What I mean by that is that young hopefuls were sorted out by a jazz scene grown academic and virtuous. If you weren't a Miles or a 'Trane you were out or working on radio jingles. The early folkies were all hampered by a kind of Folk for Dummies idea of delivering songs utterly alien to their own experience and hitting the right notes, maybe with a trill here or embellishment there but always as tidily as their turtlenecks fit them. Well, that's Llewyn, and everyone else we see and hear on stage (bar one) perfecting an increasingly limited range of skills. Very hard to shine, given all that, and Llewyn doesn't. He's good but so is everyone else.

Frustrated with his uninterested agent, he hitches a ride to Chicago to impose an audition on a folk impressario (the always impressive F. Murray Abraham). This makes up a much larger passage of the film than we might expect, turning into a temporary road movie with a goateed beat poet at the wheel and a highly incapacitated but acerbic jazz man in the back (the always impressive Coens alumnus John Goodman). We get a lot of the road here, almost as much as we get of the future freeway traffic in Solaris that suggested the tedium of space travel. We get the feeling of pilgrimage and then the pilgrim's humiliation at learning that he's not the one but just another. Then we hitch back the other way, thinking about that along with Llewyn who decides against one chanced life-resolution and then another. Where a heroic protagonist might learn from this that he can't solve all problems, Llewyn is struck by the notion that he can't solve any and returns to New York determined to throw in the towel.

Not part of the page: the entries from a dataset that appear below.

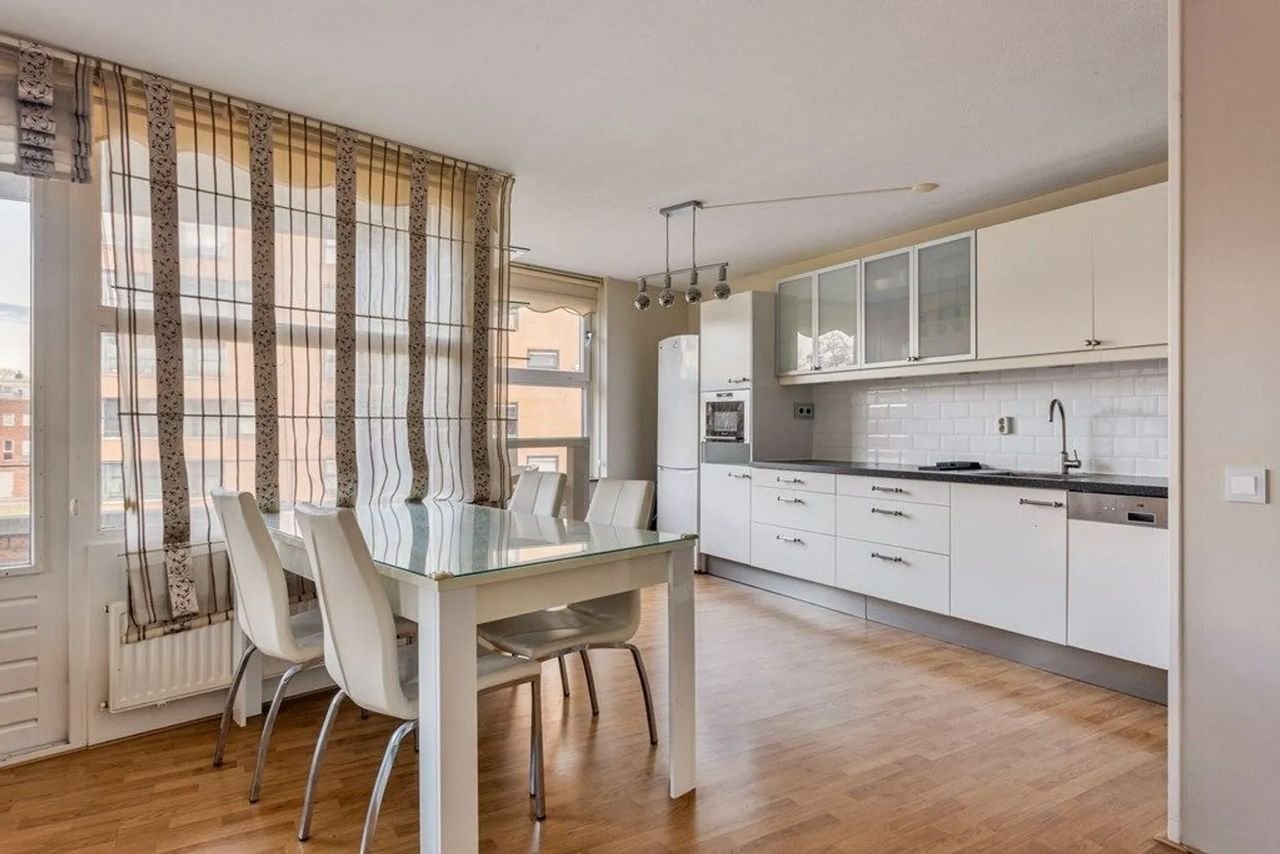 Bright 3-room apartment of 95 m² - Image 3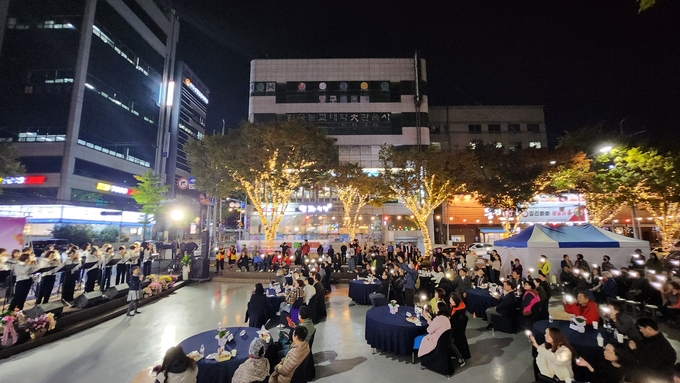 ▲ 지난달 31일 송정맛길 낭만 버스킹 공연장(광평천 제3공영주차장)에서 구미시 종합자원봉사센터 주관으로 ‘우수봉사자를 위한 낭만 힐링 콘서트’가 열리고 있다. 구미시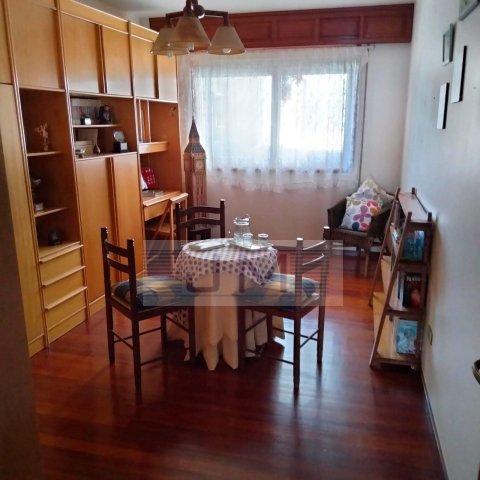 Se vende piso amplio con terraza y vistas en Ribeira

One last performance brings us back full circle except that on this iteration of his purgatory of self delusion there's a circuit breaker. After he delivers his strongest performance yet, even taking the sensitive high part in the chorus that his deceased former partner used to, he leaves the mic to the next performer who uses the last song's same phrase "fare thee well" to much more poignant effect and lays the groundwork for erasing all the polite fine wine folk and replacing it with personality, politics and pure art. Llewyn doesn't notice. He's too busy reliving what he went through at the beginning.

By then end of this film I started realising why, despite the impossibility of sympathising with the central character, I liked this film so much and, by extension, I liked it more than almost all the Coen films I've seen since O Brother Where Art Thou. And I liked it for the opposite reason that I liked that one: this doesn't feel like a Coens movie. It's as good as they are at their best but there is a complete absence of self-celebration of the authorship that they have made such a trademark in the cinema of the last thirty years. The colour suggests the cover of Bob Dylan's early record covers but this just feels like winter rather than gimmick (nice if you know it, though).

I know people (overwhelmingly males) in their late forties who are still living the life on the open couch, still bumming around, worming around outsize debt and trading on their charm, having never made the decision to wise up and take the shilling. It is the charm, though, that separates those who win at this and those who knuckle under and settle and that is the performance that they must perfect (be they ever exhaustingly mediocre at their arts or crafts). Llewyn doesn't get this. Much as we hate to admit it most of us are just like him.